▸ PROBLEM STATEMENT
Only the lines from the one containing "Hi, my name" to the end of the data should be copied, exactly and without pictures.

▸ COLLECTED MATERIAL
--------------------

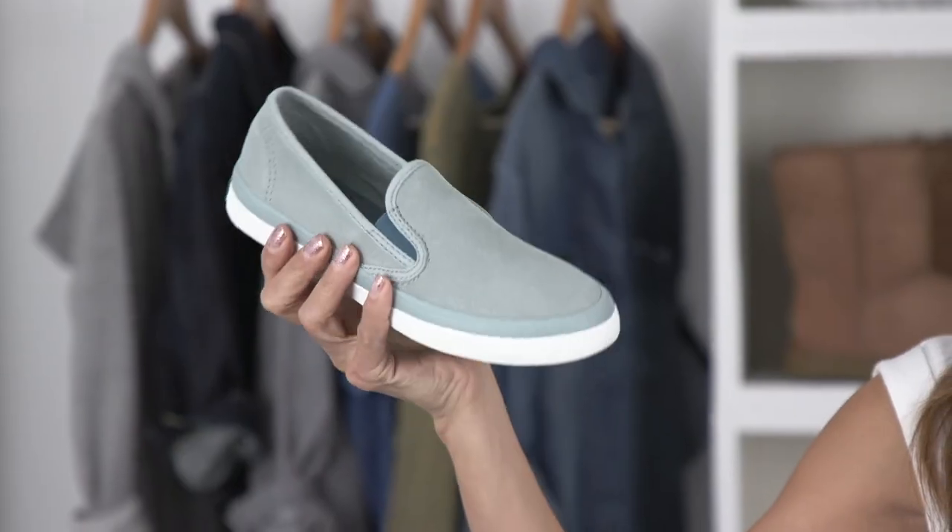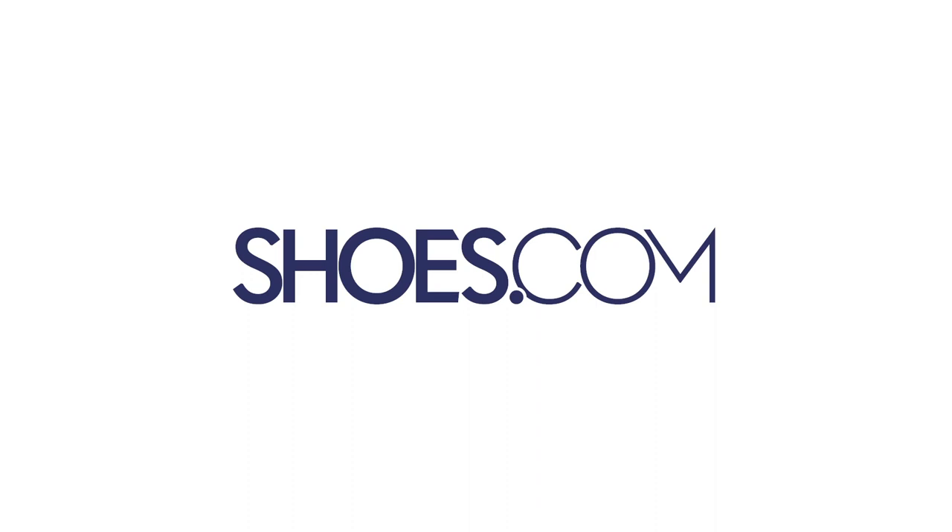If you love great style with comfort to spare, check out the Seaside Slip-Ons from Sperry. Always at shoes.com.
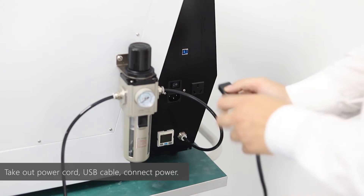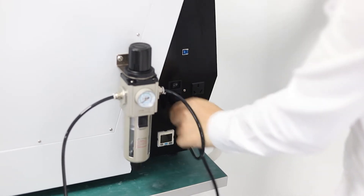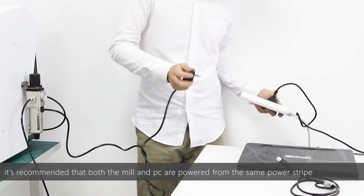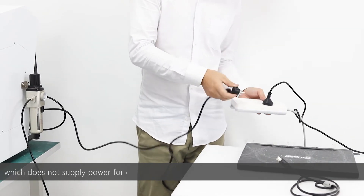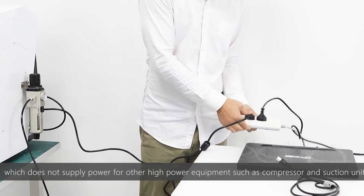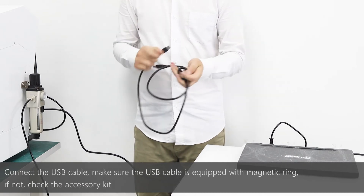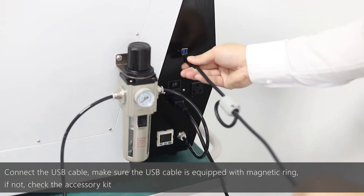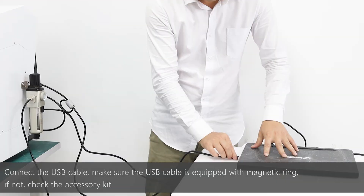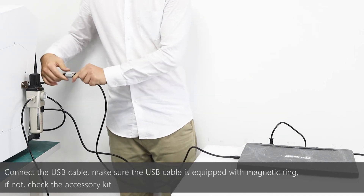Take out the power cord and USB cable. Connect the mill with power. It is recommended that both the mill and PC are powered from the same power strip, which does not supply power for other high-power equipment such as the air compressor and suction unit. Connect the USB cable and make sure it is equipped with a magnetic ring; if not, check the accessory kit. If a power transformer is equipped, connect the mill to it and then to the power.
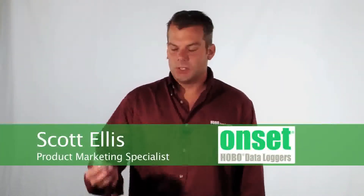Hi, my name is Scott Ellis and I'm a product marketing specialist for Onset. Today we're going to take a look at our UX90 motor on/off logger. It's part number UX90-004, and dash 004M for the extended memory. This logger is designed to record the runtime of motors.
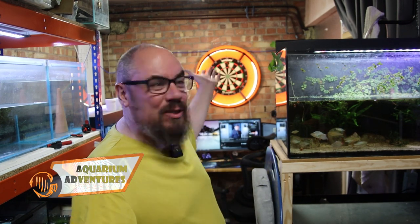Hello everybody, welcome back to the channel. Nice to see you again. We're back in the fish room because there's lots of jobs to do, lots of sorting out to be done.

--------------------

▸ EXERCISE RESULT
Hi, my name is Scott Ellis and I'm a product marketing specialist for Onset. Today we're going to take a look at our UX90 motor on/off logger. It's part number UX90-004, and dash 004M for the extended memory. This logger is designed to record the runtime of motors.
Hello everybody, welcome back to the channel. Nice to see you again. We're back in the fish room because there's lots of jobs to do, lots of sorting out to be done.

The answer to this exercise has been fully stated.